_Work to complete_:
Please print every record below exactly as it reads.
—————
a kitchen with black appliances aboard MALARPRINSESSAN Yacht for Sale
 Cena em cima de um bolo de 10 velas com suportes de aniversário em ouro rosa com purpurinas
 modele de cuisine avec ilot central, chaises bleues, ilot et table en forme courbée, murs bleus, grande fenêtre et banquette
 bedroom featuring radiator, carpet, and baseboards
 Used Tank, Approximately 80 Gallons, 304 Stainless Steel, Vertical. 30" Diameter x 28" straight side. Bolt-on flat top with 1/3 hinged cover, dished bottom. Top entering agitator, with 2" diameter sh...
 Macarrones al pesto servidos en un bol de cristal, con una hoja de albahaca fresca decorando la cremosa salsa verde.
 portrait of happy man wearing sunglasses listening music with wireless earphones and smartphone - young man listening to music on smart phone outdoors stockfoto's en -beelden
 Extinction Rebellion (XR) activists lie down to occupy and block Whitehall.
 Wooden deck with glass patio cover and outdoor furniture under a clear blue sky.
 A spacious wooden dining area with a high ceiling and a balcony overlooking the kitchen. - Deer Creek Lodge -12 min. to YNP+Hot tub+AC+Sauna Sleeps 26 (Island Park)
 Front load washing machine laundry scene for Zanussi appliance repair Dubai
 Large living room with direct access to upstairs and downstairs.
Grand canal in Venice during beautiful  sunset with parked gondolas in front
—————
_Response_:
a kitchen with black appliances aboard MALARPRINSESSAN Yacht for Sale
 Cena em cima de um bolo de 10 velas com suportes de aniversário em ouro rosa com purpurinas
 modele de cuisine avec ilot central, chaises bleues, ilot et table en forme courbée, murs bleus, grande fenêtre et banquette
 bedroom featuring radiator, carpet, and baseboards
 Used Tank, Approximately 80 Gallons, 304 Stainless Steel, Vertical. 30" Diameter x 28" straight side. Bolt-on flat top with 1/3 hinged cover, dished bottom. Top entering agitator, with 2" diameter sh...
 Macarrones al pesto servidos en un bol de cristal, con una hoja de albahaca fresca decorando la cremosa salsa verde.
 portrait of happy man wearing sunglasses listening music with wireless earphones and smartphone - young man listening to music on smart phone outdoors stockfoto's en -beelden
 Extinction Rebellion (XR) activists lie down to occupy and block Whitehall.
 Wooden deck with glass patio cover and outdoor furniture under a clear blue sky.
 A spacious wooden dining area with a high ceiling and a balcony overlooking the kitchen. - Deer Creek Lodge -12 min. to YNP+Hot tub+AC+Sauna Sleeps 26 (Island Park)
 Front load washing machine laundry scene for Zanussi appliance repair Dubai
 Large living room with direct access to upstairs and downstairs.
Grand canal in Venice during beautiful  sunset with parked gondolas in front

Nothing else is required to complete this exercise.